Nike is building what it calls the electric bike for feet, a shoe built to let average runners go further with less effort.
Nike is launching a powered shoe that will help everyday runners and walkers go further with less effort.
Dubbed “Project Amplify,” Nike said in a statement that their shoe is designed to “augment natural lower leg and ankle movement”.
The shoe has a light-weight motor, drive belt and a rechargeable cuff battery that fits within a carbon fibre-plated shoe that can be worn with or without the system, the statement said.
The shoe will eventually give people an “unparalleled boost” to the future of running, jogging and walking.
The shoe is “it’s intended to serve athletes who want to go faster and farther with less effort” by giving them “a second set of calf muscles,” Nike said.
The company says more than 400 athletes covered 2.4 million steps in more than nine different versions of Project Amplify around a track in their Nike Sport Research Lab (NSRL). The shoe is still in the testing phase and is expected to launch “in the coming years”.
Euronews Next reached out to Nike to see whether there is a timeframe for the shoe’s release, but did not receive an immediate reply.
Who else is building enhanced footwear?
Nike isn’t the only company working on robotised shoes.

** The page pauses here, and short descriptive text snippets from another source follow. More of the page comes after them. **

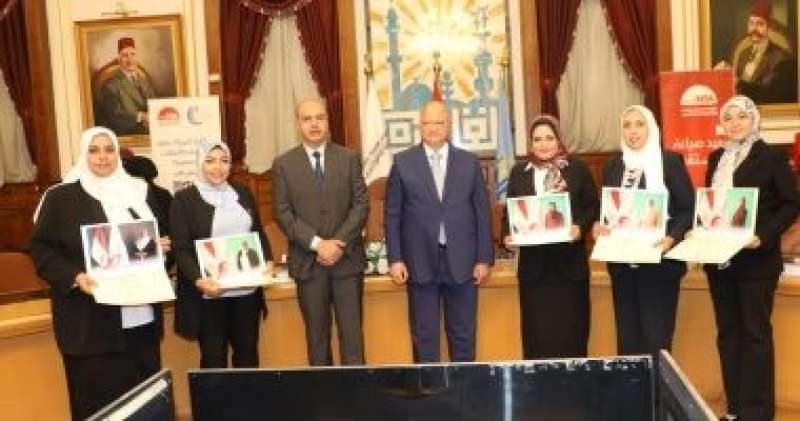 محافظ القاهرة: الدولة تعزز دور المرأة بالمجتمع وتمكينها لتولى المناصب القيادية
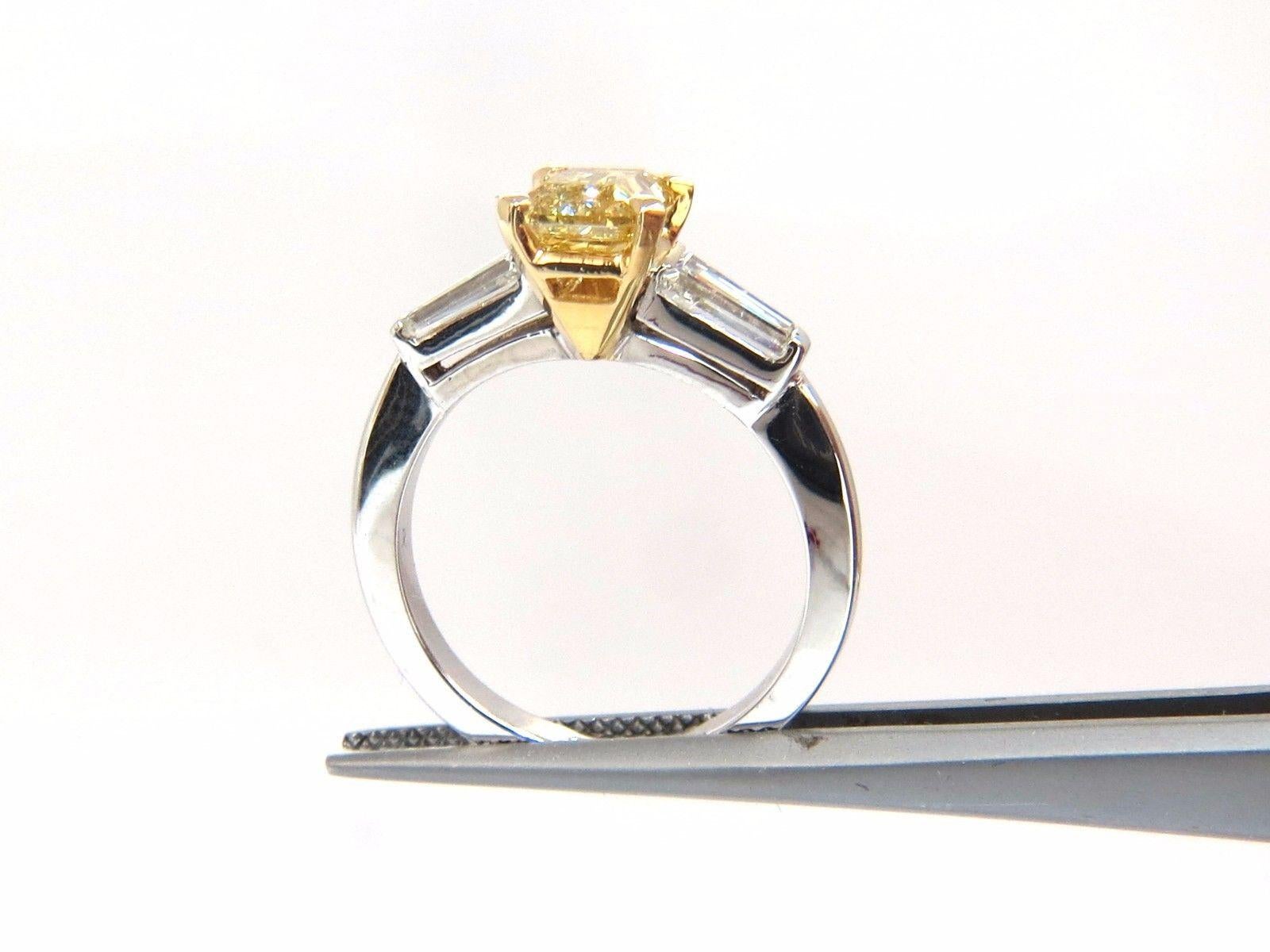 Bague en or 14 carats avec diamant jaune fantaisie taille radiant de 2,12 carats certifié par le GIA Neuf - En vente à New York, NY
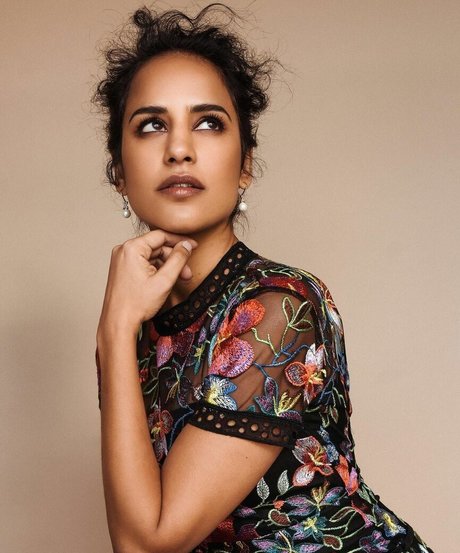 Agam Darshi sexy actress picture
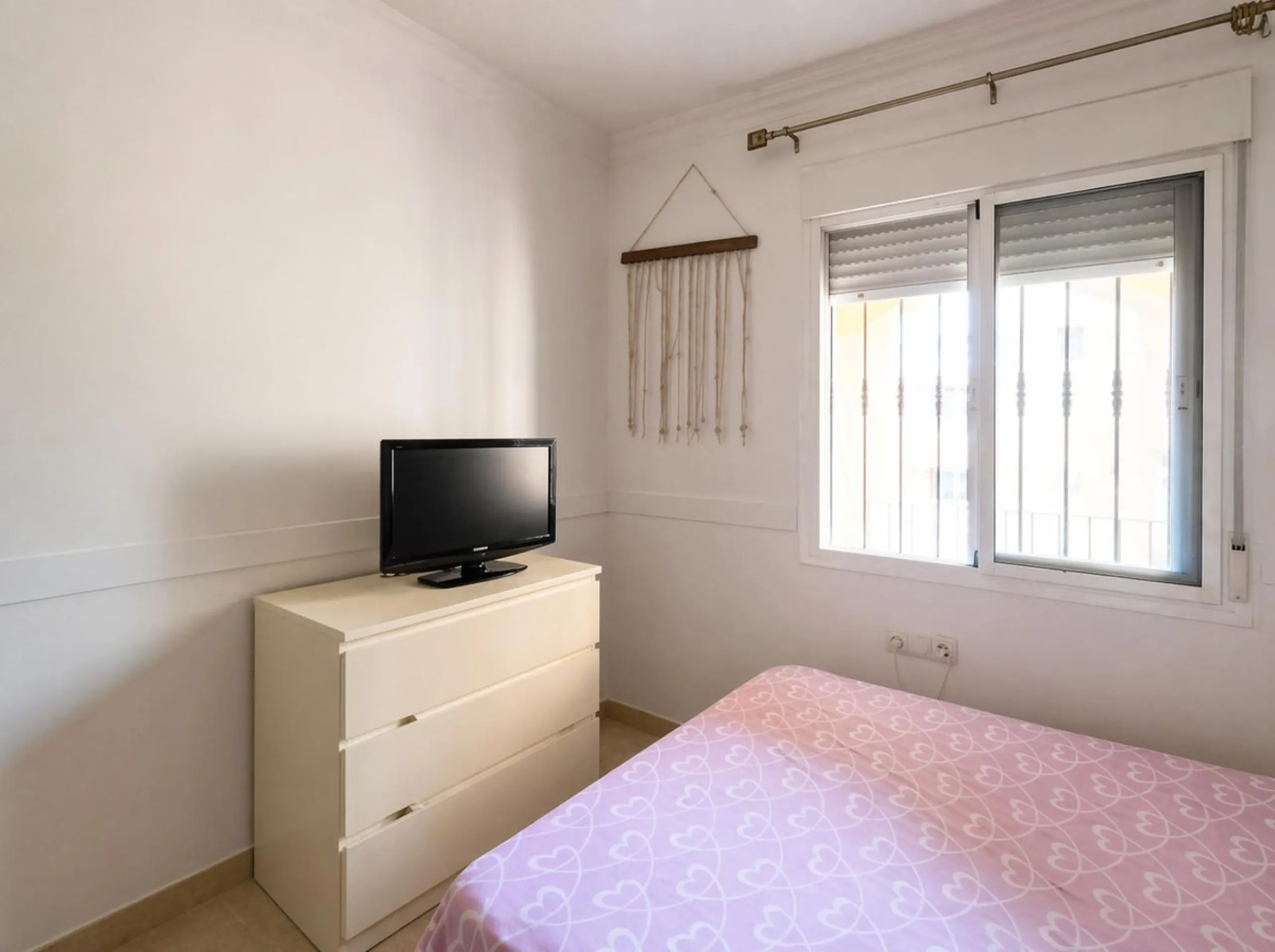 Spacious 2-Bedroom Apartment with Sea Views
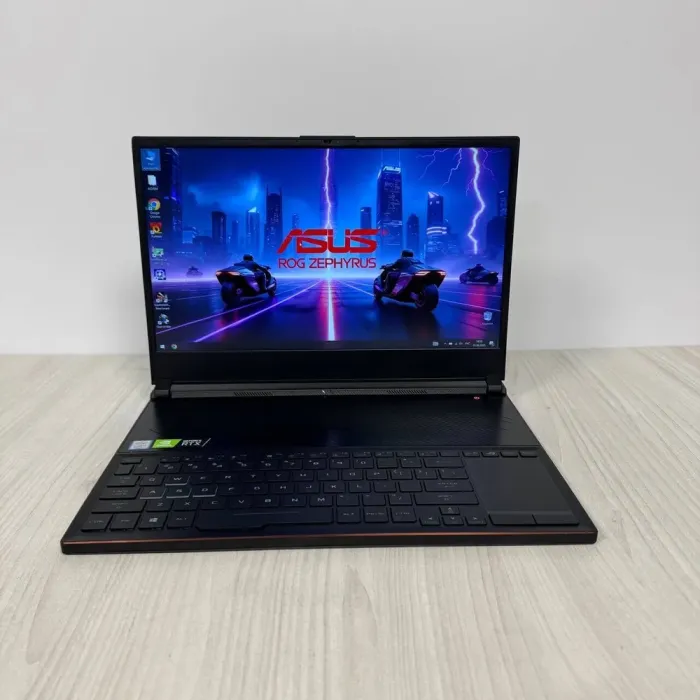 Ігровий ноутбук Б-клас Asus ROG Zephyrus S15 GX531GW / 15.6" (1920x1080) IPS / Intel Core i7-8750H (6 (12) ядер по 2.2 - 4.1 GHz) / 16 GB DDR4 / 512 GB SSD NVMe / nVidia GeForce RTX 2070 Max-Q, 8 GB GDDR6, 256-bit / WebCam б/в - зображення 2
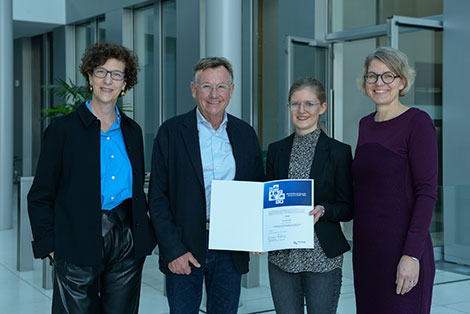 Auszeichnung des 1. Platz beim NRW.BANK.Studienpreis (v. l. n. r.): Claudia Hillenherms, Vorstandsmitglied der NRW.BANK, Prof. Dipl.-Ing. Bauass. Rolf Westerheide, Vorstand der Bundesarchitektenkammer, Lena Mengede (mit Urkunde), TU Dortmund, und Melanie Kloth, Leiterin des Referats 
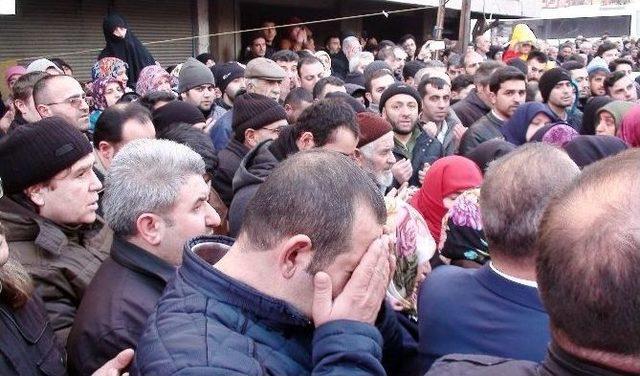 El Bab Şehidi Helallik İçin Son Kez Baba Ocağına Getirildi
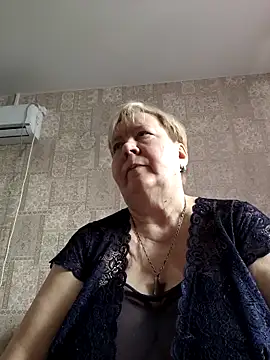 EffectFiona online show from February 26, 12:04 pm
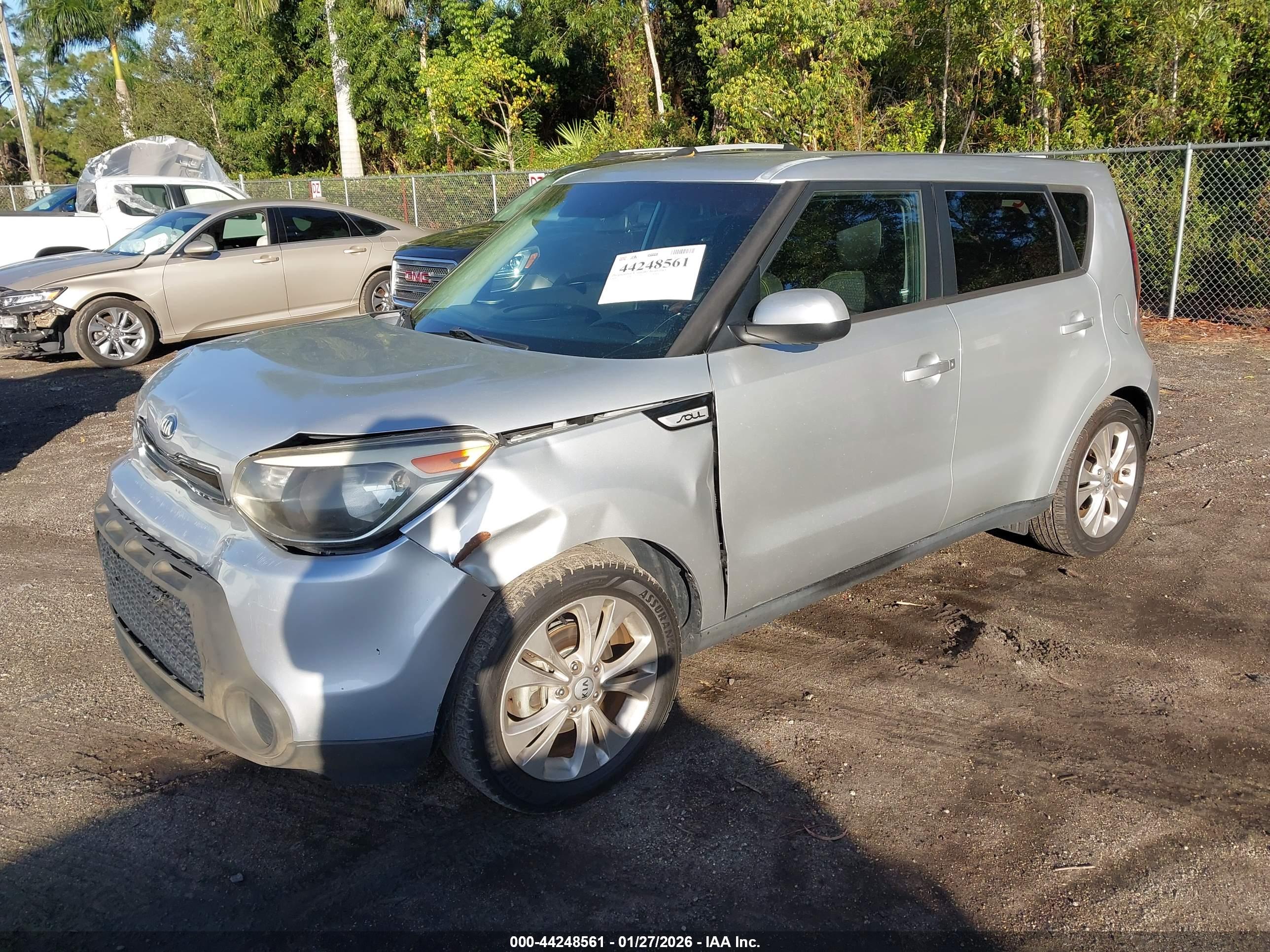 KIA SOUL image 2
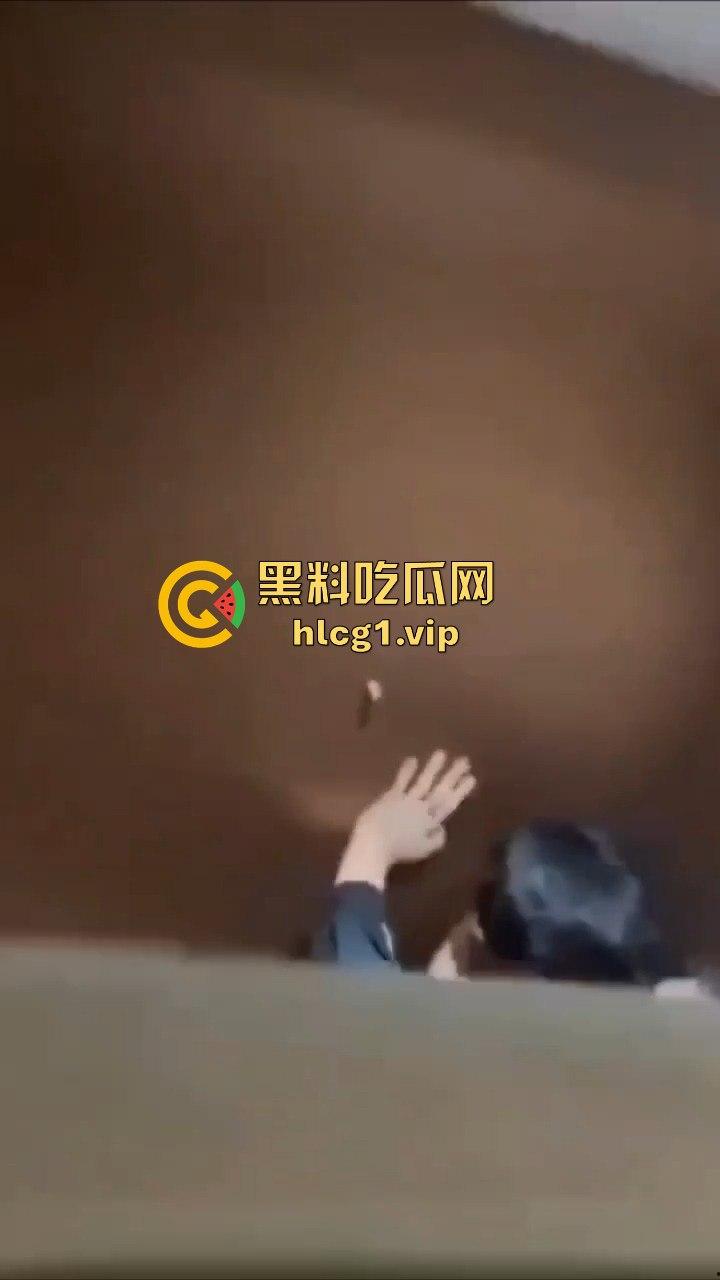 成都男同厕所激情上演热吻还玩壁咚，偷拍者吓出一身冷汗!-3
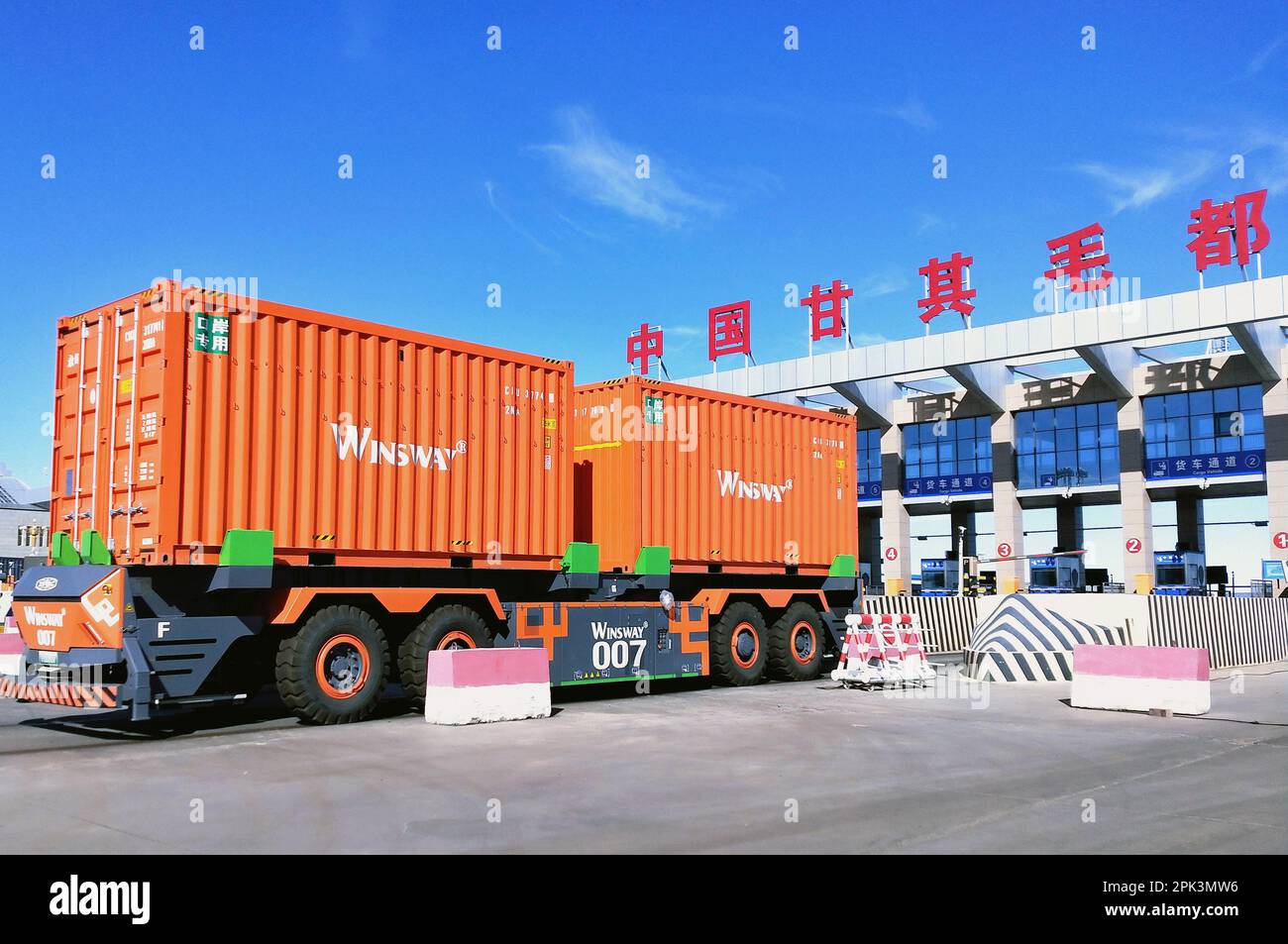 (230405) -- HOHHOT, 5 aprile 2023 (Xinhua) -- questa foto scattata il 22 marzo 2023 mostra un camion di carico che passa attraverso il porto di Ganqmod nella città di Bayannur, regione autonoma della Mongolia interna della Cina settentrionale. ANDARE CON "Cina, Mongolia commercio attraverso il porto principale di terra vigoroso nel Q1" (Xinhua/li Yunping) Foto Stock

Dephy, a bionic footwear brand and Nike’s partner in Project Amplify, said it is getting ready to launch a “bionic footwear system” called the Sidekick, a powered ankle wearable device that gives people the ability to “walk further and faster with less fatigue”.
In 2023, Pittsburgh-based company Shift Robotics launched the “Moonwalker shoe,” a rechargeable artificial intelligence-powered shoe with eight wheels that adapts to the way the user walks, their weight and the terrain they are taking on.
In Switzerland, a team of engineers at the Zurich University of Applied Sciences (ZHAW) created a shoe that harvests the user’s kinetic energy and passes it through a piezoelectric generator that converts it into an electric charge.
The team behind the intelligent shoe say that enough energy is harvested by this system for it to be fully operational without a battery. The shoes also collect data about the person wearing them, which is sent via Bluetooth to the user’s phone.
Other robotics companies, such as ReWalk Robotics, are creating robotic exoskeleton systems, including shoes, that help those who cannot walk.